The Multi-Protocol Label Switching Traffic Engineering (MPLS TE) Fast ReRouting (FRR) is one of the technologies for implementing local protection of a network. In a network where the MPLS TE is applied, the Label Switching Path (LSP) configured with FRR protection can switch data onto the protection link automatically when link failure or node failure occurs. The MPLS FRR is characterized by fast response and timely switching, which ensure smooth transition of the service data without service interruption. Meanwhile, the source node of the LSP attempts to find a new path to create an LSP again, and switches the data onto the new path. The service data keeps being forwarded through the protection path before the new LSP is created successfully.
The MPLS TE FRR is based on the Resource ReSerVation Protocol (RSVP) TE. The FRR is implemented in two modes: one-to-one backup mode, and facility backup mode. In the facility backup mode, one protection path is used to protect multiple LSPs, and this protection path is called a bypass LSP. As shown in FIG. 1, RTA-RTE are nodes, the solid line represents an active LSP, and the dotted line represents a bypass LSP. When the RTB-RTC link or the RTC node fails, the data on the active LSP is switched onto the bypass LSP, and this process is FRR. The packet header sent from the RTB uses the label allocated by the RTF to the RTB, and the egress label of the RTC is also crimped into the label stack. On the RTB-RTF-RTD path, the LSP uses a double-layer label. After the RTD receives a packet and the label allocated by the RTD to the RTF pops up, the packet is forwarded through the label allocated by the RTD to the RTC. The facility backup mode is also known as a bypass mode.
Network devices are expected to have a more and more important feature of fast detection for the communication faults between adjacent systems. With such a feature, the network device can create a substitute path or switch the service onto other links more quickly after a fault occurs. The Bidirectional Forwarding Detection (BFD) can perform fault detection on many types of paths between the systems. Such paths include direct physical links, virtual circuits, tunnels, MPLS LSPs, multi-hop routing paths, and indirect paths. By virtue of the simplicity and singularity of BFD fault detection, the BFD is dedicated to fast detection of faults, and assists the network in transmitting the voice service, video service and other Video On Demand (VOD) services with a high Quality of Service (QoS). Therefore, the BFD assists the service provider in implementing the IP-based networks, and providing the highly reliable and adaptable Voice over IP (VoIP) service and other real-time services for customers.

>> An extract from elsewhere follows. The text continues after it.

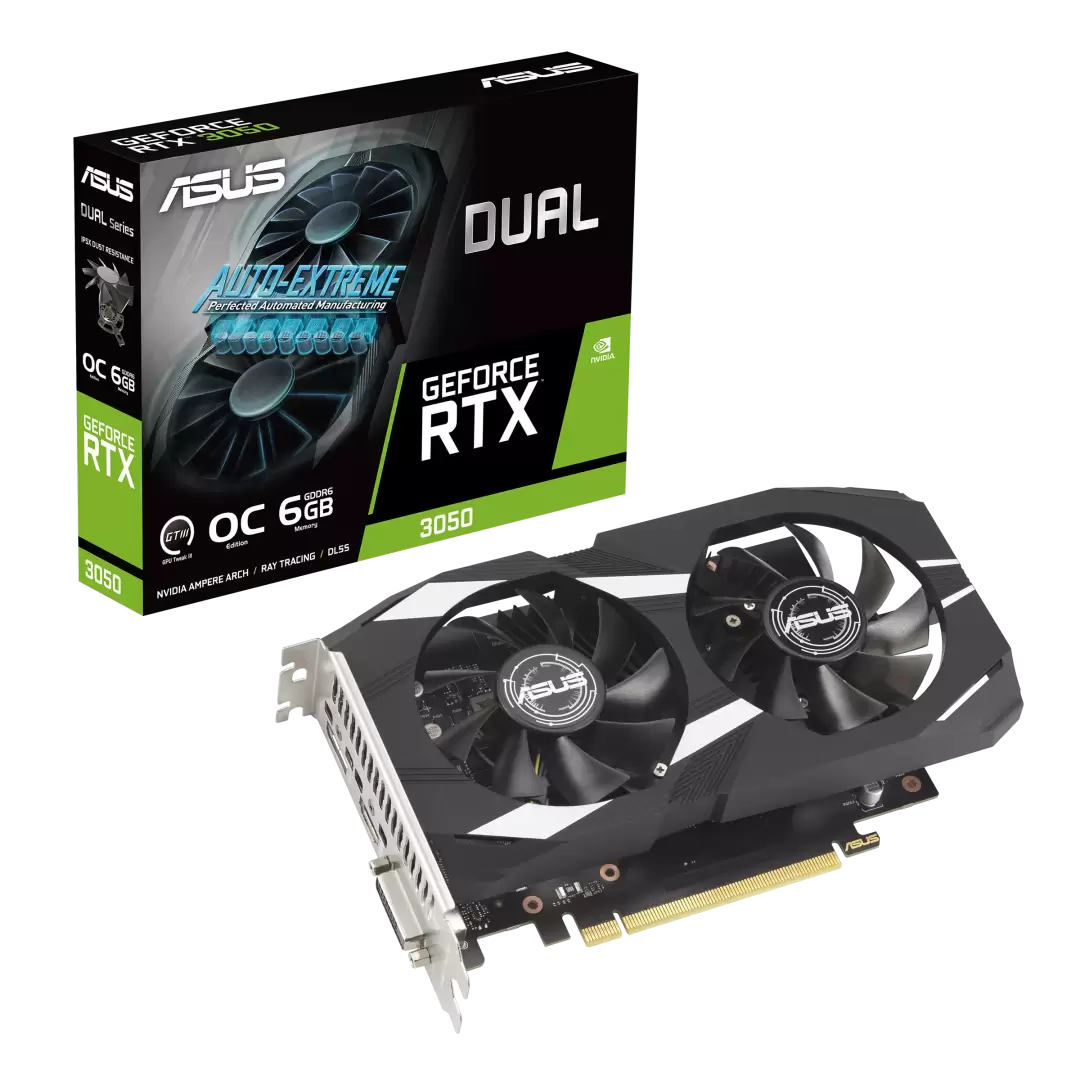 כרטיס מסך Asus Dual GeForce RTX™ 3050 OC Edition 6GB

Currently, in a network where the MPLS TE is applied, the mechanisms of fault detection include link interruption fault detection and BFD packet resolution fault detection.

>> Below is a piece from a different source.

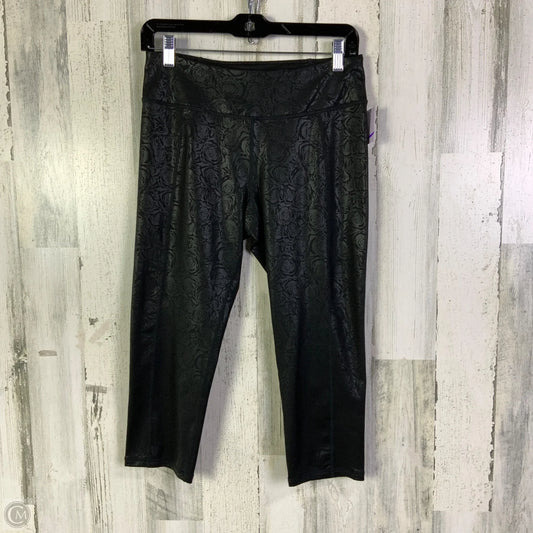 Athletic Leggings Capris By Betsey Johnson In Black, Size: M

The link interruption fault detection is: a detection is made about whether each LSR in the network receives any packet within a preset time. Because the BFD packets are sent periodically, the preset time may be determined according to the sending period of the BFD packets. If any packet is received within the preset time, no processing is required. If no packet is received within the preset time, a notification is sent to the source node through a standby path to indicate that the active LSP fails.
The BFD packet resolution fault detection is: after receiving an MPLS packet that carries a BFD packet, each LSR resolves out the BFD packet and detects it to check for any fault of nodes or links between the node that sends the MPLS packet and the local node. However, after receiving the MPLS packet that carries a BFD packet, the LSR resolves the packet directly and performs subsequent processing. Therefore, one node may detect only the current adjacent downstream node and the link between the two nodes. For example, in a ring topology shown in FIG. 2, node A can detect only the current downstream node (node B) and the link between node A and node B. Apparently, the BFD packet resolution fault detection in the conventional art lacks flexibility of practice. Moreover, it is assumed that an active LSP is created in the ring topology shown in FIG. 2, node A is an ingress (source node), the direction is A->B->K->C->J, and a bypass tunnel “A->F->E->D->C->K->B” is created to protect the link in the A->B direction on the active LSP (thus forming link protection). After the link in the A->B direction on the active LSP fails, node A at the Point of Local Repair (PLR), namely, at the head LSR of the standby tunnel, performs FRR switching. After switching, the traffic path is A->F->E->D->C->K->B->K->C->J, thus performing FRR protection. The foregoing FRR process reveals that after switching, one segment of the traffic path is C->K->B->K->C. Therefore, the user traffic is dual traffic on the B-K-C link. That is, the traffic direction is C->K->B->K->C which occupies double of the bandwidth required by the user traffic, thus wasting the link bandwidth drastically and wasting some time.